Financial Abuse Is Also Violence

What you can do to prevent it from happening  

Sweta Vikram

When I was younger, I would wonder why women wouldn’t just walk out of abusive relationships. I didn’t judge their choice to stick around; I felt confused by it. Why would anyone knowingly choose misery over happiness? Here is the thing about maturity and becoming less idealistic: your thinking becomes more balanced. You realize that life isn’t all black or white. Every individual is unique, and so are their situation and choices.

A friend of mine knows that her husband is cheating on her. It is common knowledge that he has a mistress in a different city, and had even bought a house for her. This illicit affair has lasted more than a decade. But when you see this family’s social media posts, you can’t see the fractures.

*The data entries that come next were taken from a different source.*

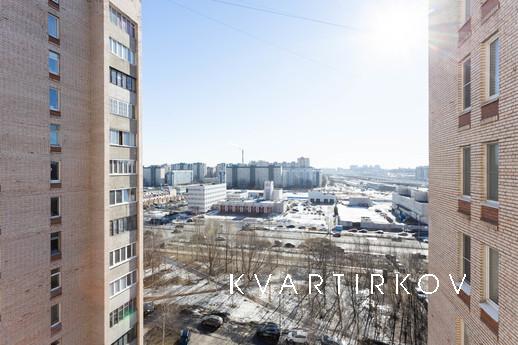 Apartments near Komendantsky Prospekt, Saint Petersburg - apartment by the day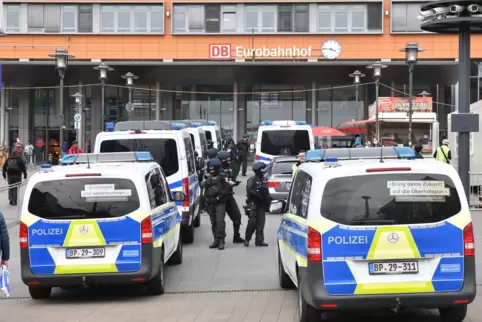 Der 22-Jährige Tatverdächtige sorgte für ein Großaufgebot der Polizei. 130 Beamte waren am Dienstagnachmittag im Einsatz.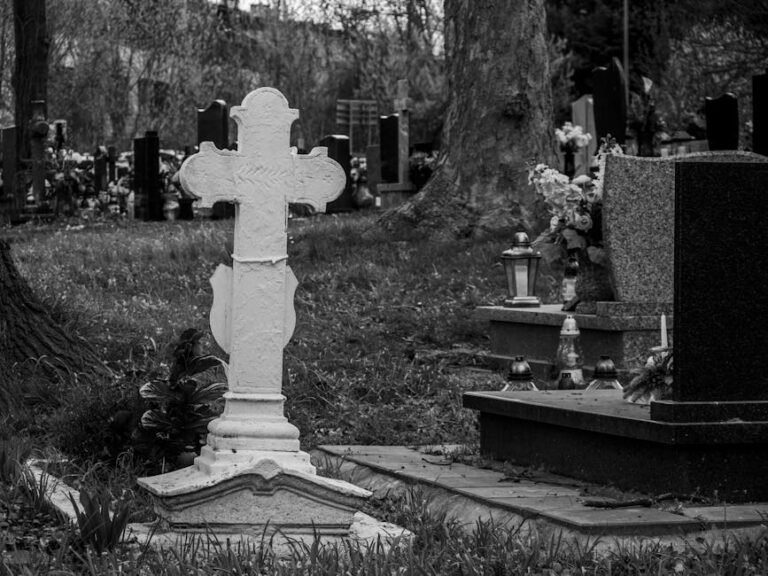 Can extracurricular activities compensate for a lower GPA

My friend, a homemaker, she chose to not be involved in her family’s finances. At first, she was not just caught unaware by the affair but also about the monetary situation. How was the husband able to afford two families and mortgages? When she threatened to leave him, the guy told her that she won’t be able to afford her lavish lifestyle as a single woman. Her own family warned her about the stigma of being a divorcee and the incumbent financial challenges. Lack of support, lack of access to finance, fear of suffering, and, voila, she is still with him.

Financial abuse is powerful. You might not see any physical bruises and scars, but it does plenty of damage and doesn’t create headlines. Like my friend, many women are trapped in terrifying situations because they believe that escaping their abusive relationship will subject them to constant financial insecurity or poverty.

“Financial abuse, whether you’re talking about ruining her credit, getting her fired or hiding the money, is just as effective in controlling an abuse victim as a lock and key,” Kim Gandy, president of the National Network to End Domestic Violence, told The Huffington Post.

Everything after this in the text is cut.